WHAT YOU WILL DO:
Look for "Cobertura enseada Guaruja" in the entries below. Write out that line and all later lines exactly, ending with the final one.

(Data entries)

********************

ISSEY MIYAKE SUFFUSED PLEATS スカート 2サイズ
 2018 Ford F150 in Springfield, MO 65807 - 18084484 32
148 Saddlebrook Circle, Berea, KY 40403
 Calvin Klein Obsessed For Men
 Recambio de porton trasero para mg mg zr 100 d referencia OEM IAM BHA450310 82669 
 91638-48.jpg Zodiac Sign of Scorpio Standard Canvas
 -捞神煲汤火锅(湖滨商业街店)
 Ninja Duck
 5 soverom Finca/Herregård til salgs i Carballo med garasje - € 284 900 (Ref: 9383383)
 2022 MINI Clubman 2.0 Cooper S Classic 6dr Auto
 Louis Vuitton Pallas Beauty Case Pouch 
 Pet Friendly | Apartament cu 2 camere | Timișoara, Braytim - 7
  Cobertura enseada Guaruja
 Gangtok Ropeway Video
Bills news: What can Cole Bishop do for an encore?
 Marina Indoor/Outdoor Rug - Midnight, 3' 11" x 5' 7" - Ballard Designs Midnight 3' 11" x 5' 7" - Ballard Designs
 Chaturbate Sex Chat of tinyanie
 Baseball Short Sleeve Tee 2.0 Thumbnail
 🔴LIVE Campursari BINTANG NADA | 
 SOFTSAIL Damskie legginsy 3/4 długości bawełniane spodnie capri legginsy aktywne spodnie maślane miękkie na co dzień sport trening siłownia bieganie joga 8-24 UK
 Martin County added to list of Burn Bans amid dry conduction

********************

ANSWER AREA:
  Cobertura enseada Guaruja
 Gangtok Ropeway Video
Bills news: What can Cole Bishop do for an encore?
 Marina Indoor/Outdoor Rug - Midnight, 3' 11" x 5' 7" - Ballard Designs Midnight 3' 11" x 5' 7" - Ballard Designs
 Chaturbate Sex Chat of tinyanie
 Baseball Short Sleeve Tee 2.0 Thumbnail
 🔴LIVE Campursari BINTANG NADA | 
 SOFTSAIL Damskie legginsy 3/4 długości bawełniane spodnie capri legginsy aktywne spodnie maślane miękkie na co dzień sport trening siłownia bieganie joga 8-24 UK
 Martin County added to list of Burn Bans amid dry conduction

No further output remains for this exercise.